A health crisis in the making.
According to Ghassan Al-Amine, head of the order of pharmacists in Lebanon, nearly 50% of medication is now completely out of stock, as reported by Megaphone News.
In an interview with MTV, Al Amine expressed his concern over the limited availability of medical drugs in Lebanon due to import complications caused by the ongoing and worsening dollar crisis.
Medication imported from abroad is paid for in foreign currency which has become scarce and nearly non-existent in the hands of many. To be able to acquire dollars from the black market, business owners are forced to buy them at a high rate due to the devaluation of the Lebanese lira. As a result, essential medication is now missing from pharmacy shelves.
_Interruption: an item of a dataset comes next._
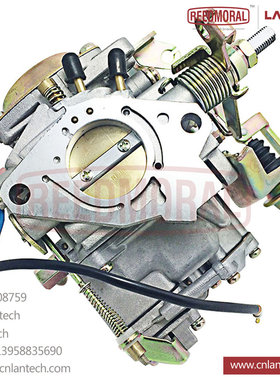 化油器 CARBURETOR适用于 SUZUKI T-5 F5A 13200-77320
While the Lebanese Central Bank has thus far been able to regulate medicine prices with its subsidy program, this may no longer be the case in 3-months time.
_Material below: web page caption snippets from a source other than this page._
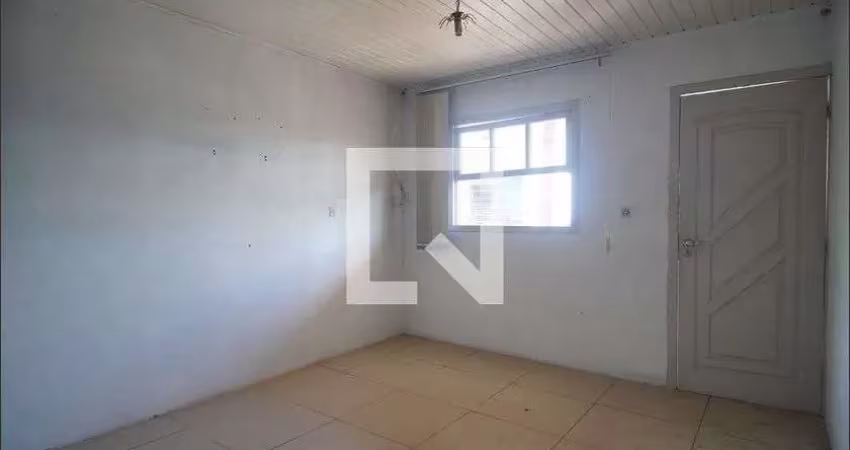 Casa para venda - santo afonso, 2 quartos,  46 m² - novo hamburgo
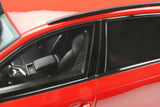 Audi ABT RS4-S (B9) Avant - Misano Red - GT Spirit 1:18 Resin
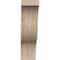 Ekena Millwork 5 1/2"W x 20"D x 20"H Funston Smooth Knee Brace, Douglas Fir BRC06X20X20FST00SDF - alternate 3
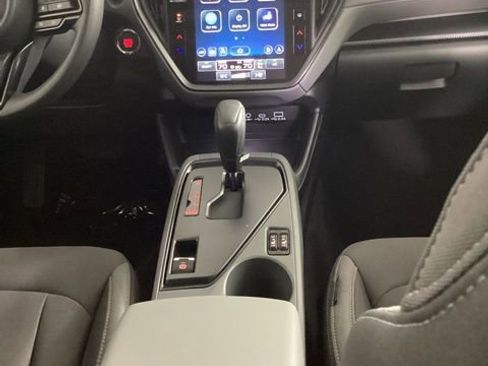 Certified 2026 Subaru Crosstrek 2.0i Premium image 20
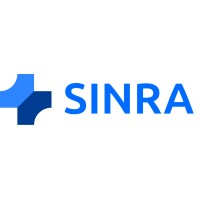 Sinra Finance logo - Similar company to Zone Student Athlete Consulting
Last month, BDL Governor Riad Salameh announced that once the central bank’s foreign currency reserves are depleted, they will have no choice but to lift subsidies on commodities
like bread, fuel, and medicine.
This was condemned by Al-Amine who warned of lifting subsidies on medical supplies because it would lead to record-high prices.
He also revealed that the many pharmacies have been struggling to sustain themselves under the burden of the economic crisis, with more than 300 pharmacies already closed down.
This is a frightening prospect, to say the least.